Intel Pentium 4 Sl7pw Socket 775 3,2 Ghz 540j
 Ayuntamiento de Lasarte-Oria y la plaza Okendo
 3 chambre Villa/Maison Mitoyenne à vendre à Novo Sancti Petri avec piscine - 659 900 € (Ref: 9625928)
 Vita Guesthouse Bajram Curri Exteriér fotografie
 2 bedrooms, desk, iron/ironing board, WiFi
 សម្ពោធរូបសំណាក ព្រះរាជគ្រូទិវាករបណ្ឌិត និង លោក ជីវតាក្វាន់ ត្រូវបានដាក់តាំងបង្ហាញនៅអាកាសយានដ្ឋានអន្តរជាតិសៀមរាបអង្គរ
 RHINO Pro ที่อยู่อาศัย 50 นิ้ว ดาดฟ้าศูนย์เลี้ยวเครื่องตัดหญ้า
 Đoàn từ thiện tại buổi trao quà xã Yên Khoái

════════

WHAT YOU WILL DO:
Print the line containing "3 chambre Villa/Maison", then every line after it through the last line of the records, each exactly as written; nothing else belongs in the answer.

RESPONSE TO THE EXERCISE:
 3 chambre Villa/Maison Mitoyenne à vendre à Novo Sancti Petri avec piscine - 659 900 € (Ref: 9625928)
 Vita Guesthouse Bajram Curri Exteriér fotografie
 2 bedrooms, desk, iron/ironing board, WiFi
 សម្ពោធរូបសំណាក ព្រះរាជគ្រូទិវាករបណ្ឌិត និង លោក ជីវតាក្វាន់ ត្រូវបានដាក់តាំងបង្ហាញនៅអាកាសយានដ្ឋានអន្តរជាតិសៀមរាបអង្គរ
 RHINO Pro ที่อยู่อาศัย 50 นิ้ว ดาดฟ้าศูนย์เลี้ยวเครื่องตัดหญ้า
 Đoàn từ thiện tại buổi trao quà xã Yên Khoái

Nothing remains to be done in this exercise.